Here are some of the shortcuts, ideas and procedures I have used to cut down the time it takes me to work on my computer. If you know about these things, it just might make your life easier.

Number One:
Use Voice Recognition software to enter large amounts of text. This is probably one of the best high-tech developments that has affected my ability to use the computer. I often feel pressed for time. When I do, I plug in my microphone and begin using Dragon Dictate on my iMac. The PC version of this program is called Dragon Naturally Speaking. As I have written previously, I began to be fascinated with this technology back in 1962 at the Seattle World's Fair. Even today, the technology is not perfect but the accuracy of the voice recognition allows me to enter text much faster than I could using the keyboard even taking into account the need to proofread carefully for words that were misinterpreted by the software. I accomplish the editing process by carefully watching what goes on the screen as I speak the words.

Number Two:
 I would guess that the second most important technological innovation that affects my ability to do genealogy is the effective use of the Google search engine. I am always surprised at how few people have tapped into the tremendous power and innovative support offered by Google. If you would like to find out some of the innovative ways the program can be used, you need to carefully examine the Google Inside Search website. It may seem like a trivial issue but I use Google search to define terms almost constantly. I do this by typing in the word "define" followed by a space and the word that I want defined. Likewise, whenever I encounter a foreign word, phrase or website, I can use the Google Translate program to translate the unfamiliar term into English from over 60 languages. When searching for documents in languages other than English, I use Google Translate to translate the search terms into the target language.

Number Three:
I have almost completely moved from using a mouse to using a trackpad. Presently, I only use a mouse if a trackpad is not available. However, I have converted from mouse to trackpad because I like the Apple trackpad. If I had to use only a trackpad on a PC laptop, I would probably still be using a mouse. The trackpad is faster and less stressful on my wrist and arm. It took me more than a year to transition completely away from a mouse, but now the transition is complete.

Number Four:
Learn how to effectively use the keyboard.
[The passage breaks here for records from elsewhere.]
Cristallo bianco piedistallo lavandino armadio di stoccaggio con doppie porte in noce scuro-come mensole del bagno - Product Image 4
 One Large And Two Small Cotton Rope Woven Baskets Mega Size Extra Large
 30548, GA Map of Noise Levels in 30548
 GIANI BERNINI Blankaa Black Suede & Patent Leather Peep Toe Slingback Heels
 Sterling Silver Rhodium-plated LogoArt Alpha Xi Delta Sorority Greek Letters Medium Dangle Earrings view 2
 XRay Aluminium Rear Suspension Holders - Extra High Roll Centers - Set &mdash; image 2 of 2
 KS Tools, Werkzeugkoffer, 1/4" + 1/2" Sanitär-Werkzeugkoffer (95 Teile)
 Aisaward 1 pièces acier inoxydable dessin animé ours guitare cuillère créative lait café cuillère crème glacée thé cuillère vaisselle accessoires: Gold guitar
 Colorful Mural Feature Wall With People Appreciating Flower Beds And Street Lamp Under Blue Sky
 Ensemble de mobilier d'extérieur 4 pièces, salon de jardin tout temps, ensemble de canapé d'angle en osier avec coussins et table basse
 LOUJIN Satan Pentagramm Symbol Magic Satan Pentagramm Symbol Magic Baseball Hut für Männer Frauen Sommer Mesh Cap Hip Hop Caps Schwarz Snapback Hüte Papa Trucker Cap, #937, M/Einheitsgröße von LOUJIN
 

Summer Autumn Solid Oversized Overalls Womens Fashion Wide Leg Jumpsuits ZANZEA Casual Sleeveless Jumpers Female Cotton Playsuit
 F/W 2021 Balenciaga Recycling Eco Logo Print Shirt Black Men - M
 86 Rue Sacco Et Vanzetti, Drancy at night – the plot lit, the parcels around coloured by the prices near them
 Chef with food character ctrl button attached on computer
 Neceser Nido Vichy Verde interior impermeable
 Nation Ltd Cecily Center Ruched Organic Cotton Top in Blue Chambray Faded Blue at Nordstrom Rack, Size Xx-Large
Many older people involved in genealogy do not have basic keyboarding skills. There are programs that teach keyboarding (typing) in a fun way. It is painful to watch someone who is motivated to doing genealogical research struggle with the basics of finding the keys. If you want to overcome this disability, try the old standard program, the Mavis Beacon Typing Tutor.

Number Five:
Practice, practice, practice. Using a computer is a skill. If you are motivated to do genealogical research, then using a computer is now an essential tool. If you have disabilities that restrict your use of the a keyboard, see Number One above.

Number Six:
Learn how to use maps and the online mapping resources. Valuable genealogical records were created at or near the time of the event by the record keeping jurisdiction. I have found that many of the so-called brick wall issues faced by researchers comes from a failure to begin researching in the right place. Identifying the place is the key to finding pertinent records.

Number Seven:
Expand your view of your ancestors to include their social, cultural and historical environment. Who were their neighbors? Who were their friends? What schools did they go to, if any? What fraternal organizations were they associated with? What language did they speak? What other organizations did they belong to? Genealogy is not a list of names and dates. We have moved beyond the pedigree chart phase of our genealogical childhood and now we need to grow up and learn to expand our interests.

I can probably think of more related ideas. But right now it is time to move to another topic.